*Recorded information*:
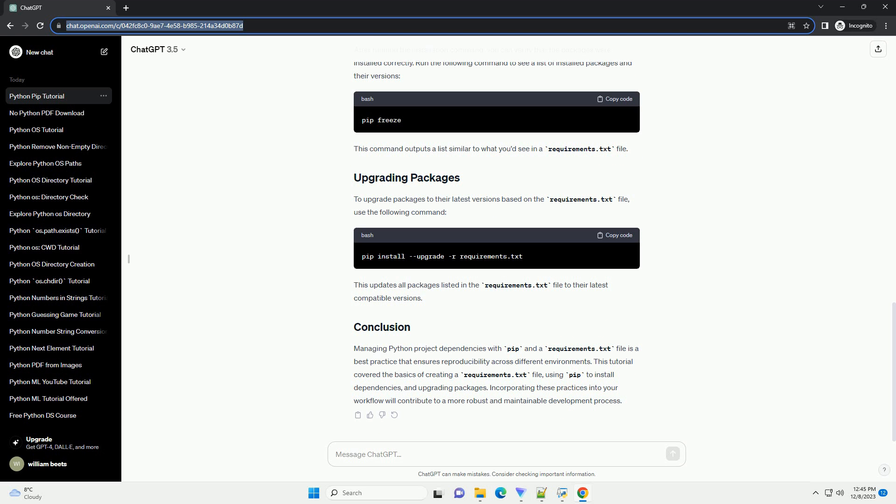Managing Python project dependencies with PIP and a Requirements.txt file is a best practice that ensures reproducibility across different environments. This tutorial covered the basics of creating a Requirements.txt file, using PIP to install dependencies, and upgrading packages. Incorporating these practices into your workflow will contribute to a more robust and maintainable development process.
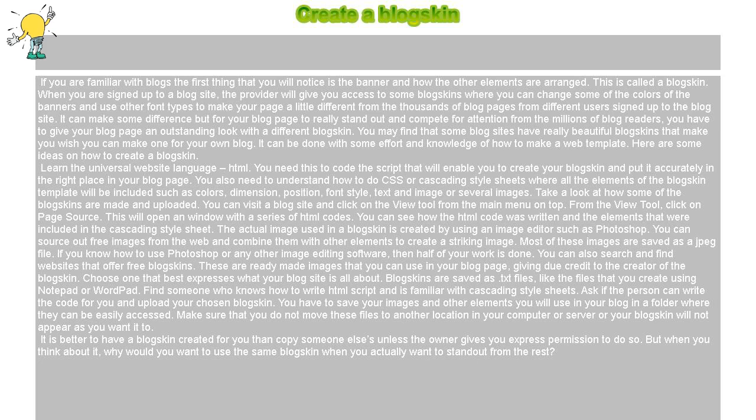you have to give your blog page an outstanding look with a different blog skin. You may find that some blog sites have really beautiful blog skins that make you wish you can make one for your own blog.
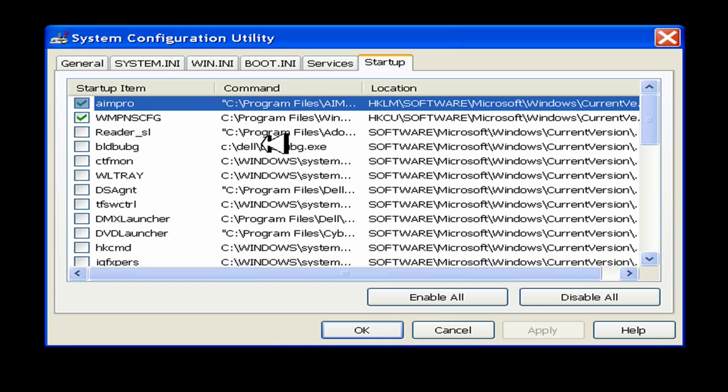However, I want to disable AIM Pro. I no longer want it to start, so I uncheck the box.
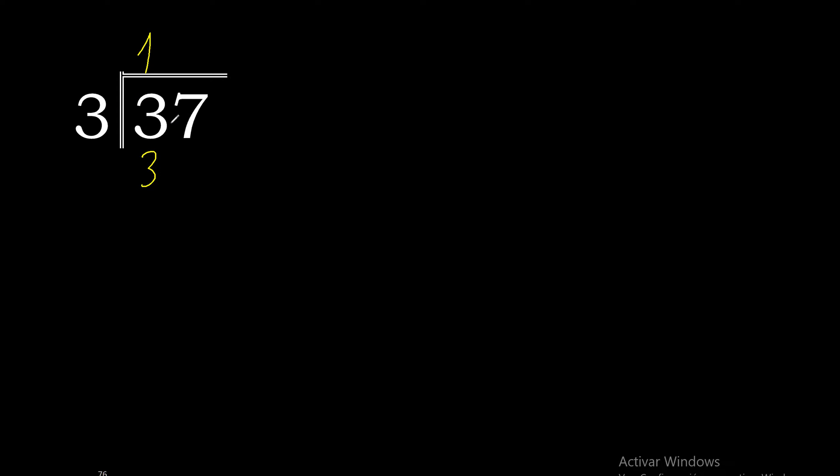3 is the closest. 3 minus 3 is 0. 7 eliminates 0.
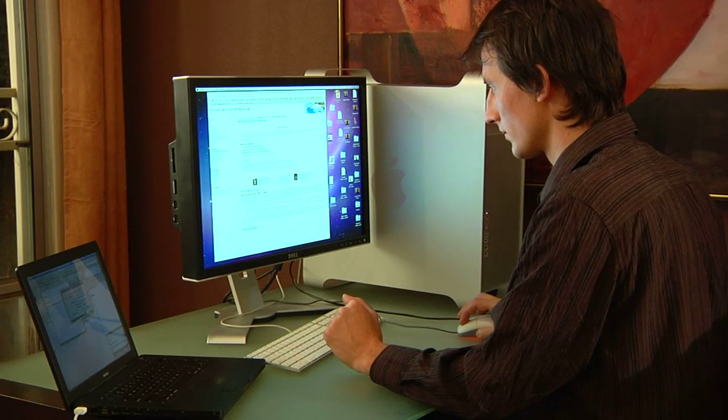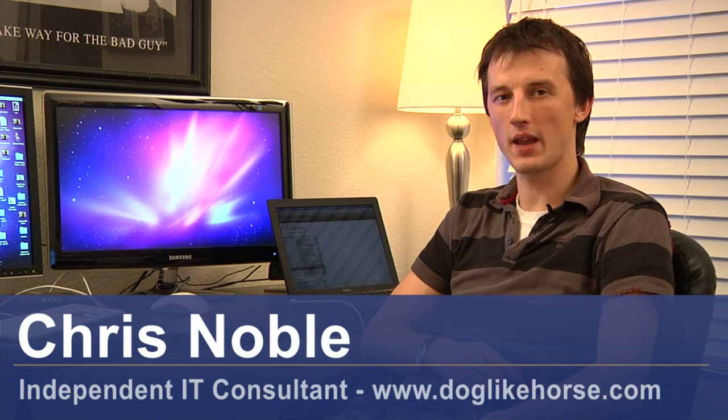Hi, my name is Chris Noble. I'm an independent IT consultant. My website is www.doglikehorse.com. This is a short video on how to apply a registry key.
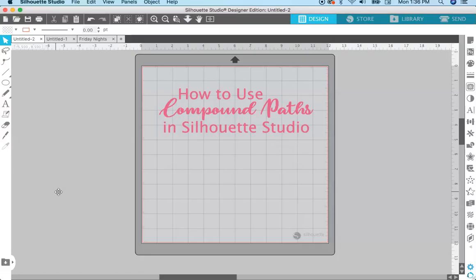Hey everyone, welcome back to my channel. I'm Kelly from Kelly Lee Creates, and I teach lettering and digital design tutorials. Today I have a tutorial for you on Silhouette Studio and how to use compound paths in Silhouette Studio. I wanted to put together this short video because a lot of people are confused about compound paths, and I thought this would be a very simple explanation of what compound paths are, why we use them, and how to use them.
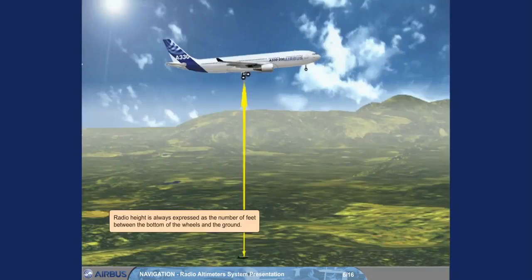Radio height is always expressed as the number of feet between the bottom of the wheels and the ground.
---
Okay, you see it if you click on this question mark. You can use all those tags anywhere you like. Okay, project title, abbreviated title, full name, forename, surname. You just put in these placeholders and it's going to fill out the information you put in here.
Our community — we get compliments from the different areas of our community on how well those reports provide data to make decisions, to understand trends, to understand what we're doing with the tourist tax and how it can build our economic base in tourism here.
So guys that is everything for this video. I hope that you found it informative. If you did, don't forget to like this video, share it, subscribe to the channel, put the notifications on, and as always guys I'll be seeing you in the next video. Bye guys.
==
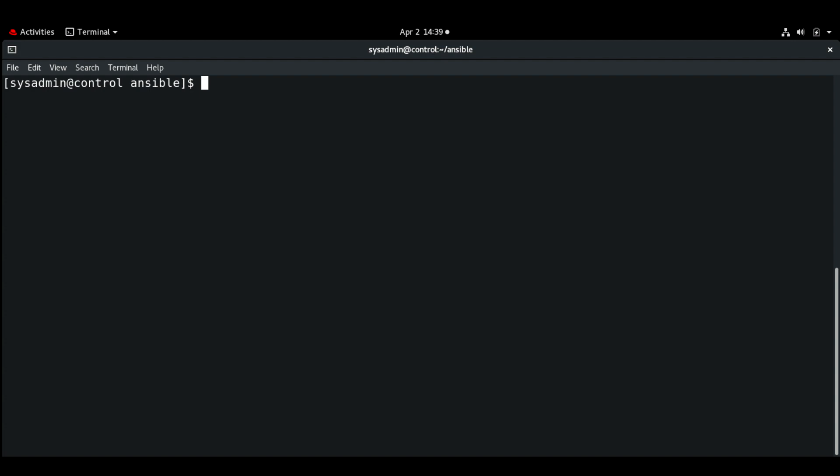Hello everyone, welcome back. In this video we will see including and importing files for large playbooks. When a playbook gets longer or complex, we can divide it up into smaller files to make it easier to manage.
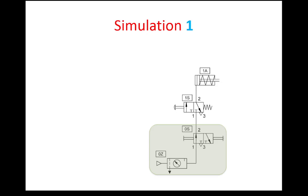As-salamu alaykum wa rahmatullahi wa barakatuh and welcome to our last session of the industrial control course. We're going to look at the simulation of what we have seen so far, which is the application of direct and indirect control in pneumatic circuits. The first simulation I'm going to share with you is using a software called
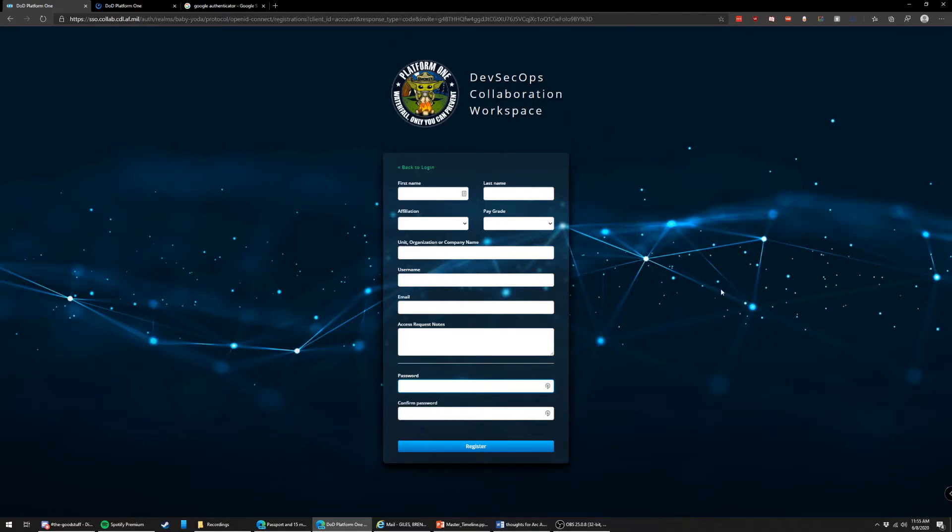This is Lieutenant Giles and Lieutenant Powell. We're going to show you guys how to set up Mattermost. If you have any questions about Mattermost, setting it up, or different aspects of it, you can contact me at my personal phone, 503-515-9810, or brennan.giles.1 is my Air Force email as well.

*Problem statement*: Give back, exactly and without pictures, the stretch of the records above from the line containing "Hi, my name" through the line containing "Radio height is", with both end lines included.

*Your solution*:
Hi, my name is Chris Noble. I'm an independent IT consultant. My website is www.doglikehorse.com. This is a short video on how to apply a registry key.
Hey everyone, welcome back to my channel. I'm Kelly from Kelly Lee Creates, and I teach lettering and digital design tutorials. Today I have a tutorial for you on Silhouette Studio and how to use compound paths in Silhouette Studio. I wanted to put together this short video because a lot of people are confused about compound paths, and I thought this would be a very simple explanation of what compound paths are, why we use them, and how to use them.
Radio height is always expressed as the number of feet between the bottom of the wheels and the ground.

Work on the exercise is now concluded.